Ukraine : Une semaine sous haute tension

Le drame d’Odessa mobilise une partie de la population qui était jusque-là restée à l’écart des manifestations pro-russes.

Léa Ducré  • 8 mai 2014 abonné·es

Le pire était attendu pour le 9 mai, jour férié commémorant la victoire soviétique contre les nazis. Car l’actualité ne cesse d’entrer en résonance avec ce passé qui alimente la propagande des partisans d’un rattachement de l’est de l’Ukraine à la Russie. Ce retour du passé était d’autant plus redouté qu’il intervenait après une semaine au cours de laquelle la violence n’avait cessé de gagner du terrain. Le 2 mai a même été la journée la plus meurtrière depuis la fuite de l’ex-Président Viktor Ianoukovitch.
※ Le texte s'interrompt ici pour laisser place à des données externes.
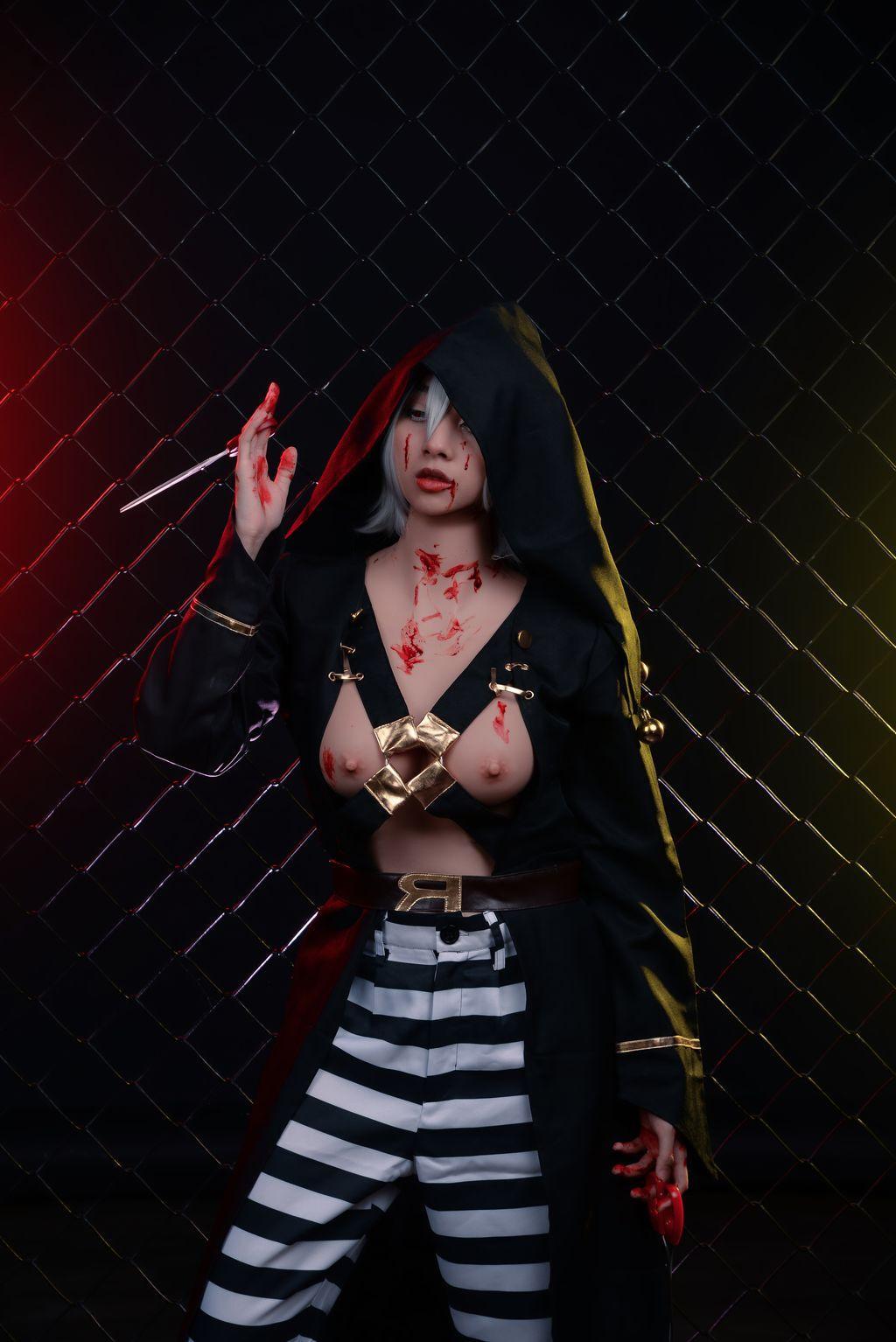 Coser@Mercury Nguyen: Vol.1 Full Collection (36 photos)(11)
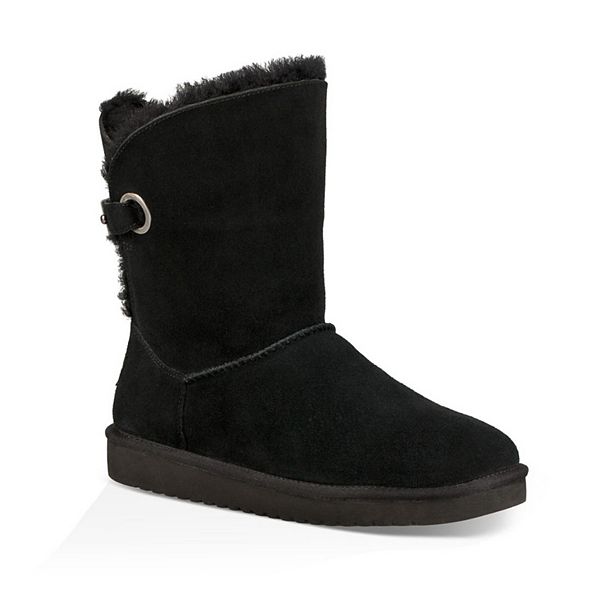 Koolaburra by UGG Remley Women's Suede Winter Boots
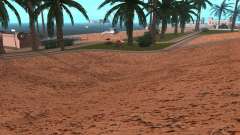 Playa HQ v1.0 para GTA San Andreas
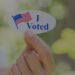 Michigan invita a diseñar sticker ‘Yo Voté para elecciones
À Odessa, quatre partisans de l’Ukraine unie ont été tués et près de 40 personnes, majoritairement des pro-russes, ont péri dans l’incendie criminel de la Maison des syndicats, là où ils avaient trouvé refuge alors que certains avaient attaqué une manifestation.
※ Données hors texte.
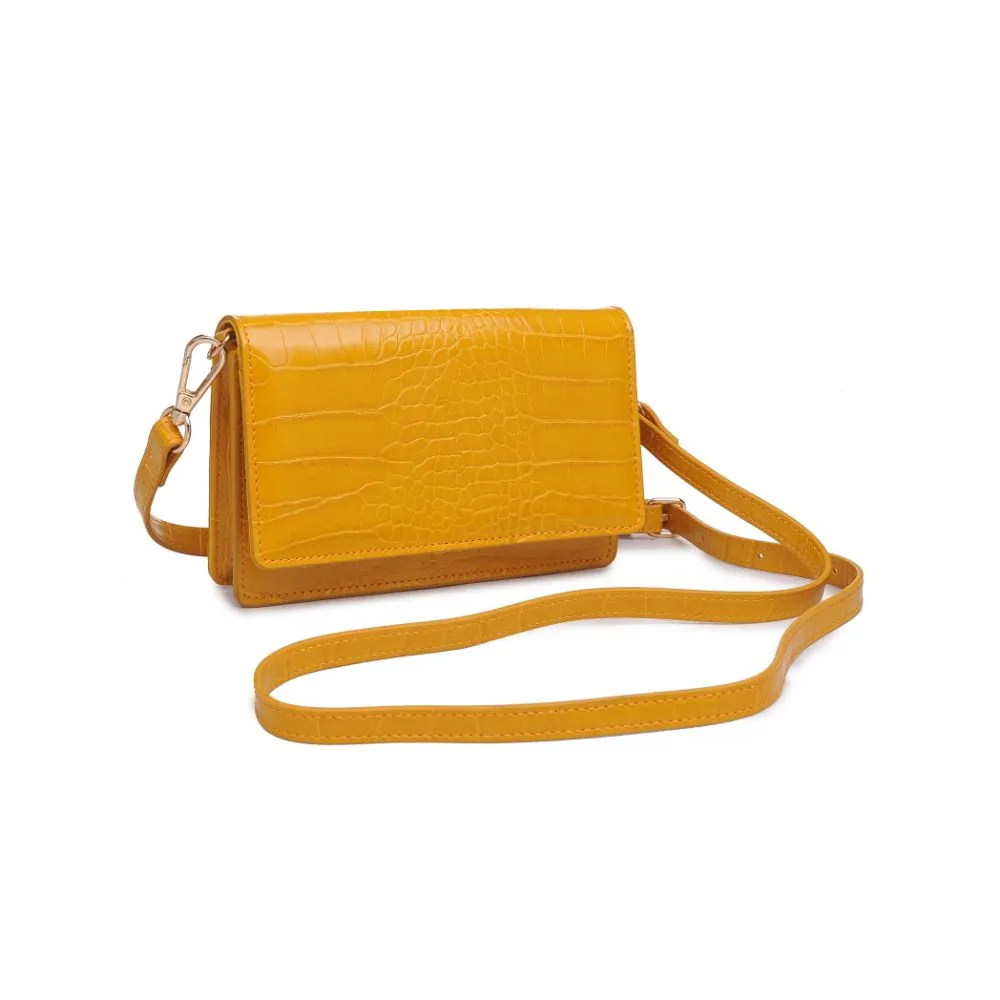 Emma Snake Crossbody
Le même jour, l’armée ukrainienne a tenté de reprendre le contrôle de la ville de Slaviansk, fief des insurgés pro-russes. Quatre membres des forces de l’ordre ont été tués et une trentaine ont été blessés, selon le ministère de l’Intérieur ukrainien. Mardi, la ville était toujours assiégée et les combats se poursuivaient. Non loin de là, à Kramatorsk, l’armée a lancé une offensive similaire pour reprendre aux rebelles le siège des services de sécurité et la tour de la télévision. À Donetsk, un millier de pro-russes ont tenté dimanche soir de s’emparer du bâtiment du parquet militaire, en réalité déjà abandonné. «  Nous ne pardonnerons pas pour Odessa ! », scandaient les manifestants. À Kharkiv, malgré l’interdiction de manifester, quelque cinq cents militants pro-russes se sont rassemblés devant un monument de Lénine, clamant qu’ils « n’oublieraient pas » et « ne pardonneraient pas  » les événements d’Odessa. À chaque nouveau drame, le ressentiment dans les deux camps se creuse, l’esprit de vengeance grandit. À Odessa, environ 2000 séparatistes ont lancé, le 4 mai, un assaut contre le siège de la police et libéré 67 de leurs camarades. Le Premier ministre, Arseni Iatseniouk, a annoncé le limogeage et le remplacement de tous les hauts responsables de la police de la ville. Les deux camps ont en ligne de mire deux échéances électorales contradictoires : l’élection présidentielle du 25 mai pour les partisans d’une Ukraine unie, et un référendum d’autodétermination qu’ils prévoient pour le 11 mai pour les pro-russes. La question porterait sur la création d’une « République », mais rien n’indique que celle-ci adhérerait ensuite à la Fédération de Russie. À Kiev, on réagit évidemment très vivement à ce projet. Arseni Iatseniouk évoque un «   plan de la Fédération de Russie pour détruire l’Ukraine ». Pendant ce temps, le Kremlin brandit son Livre blanc, un rapport officiel de 80 pages dans lequel les autorités russes dénoncent des violations « massives » des droits de l’homme en Ukraine, telles que rapportées par les médias et les ONG.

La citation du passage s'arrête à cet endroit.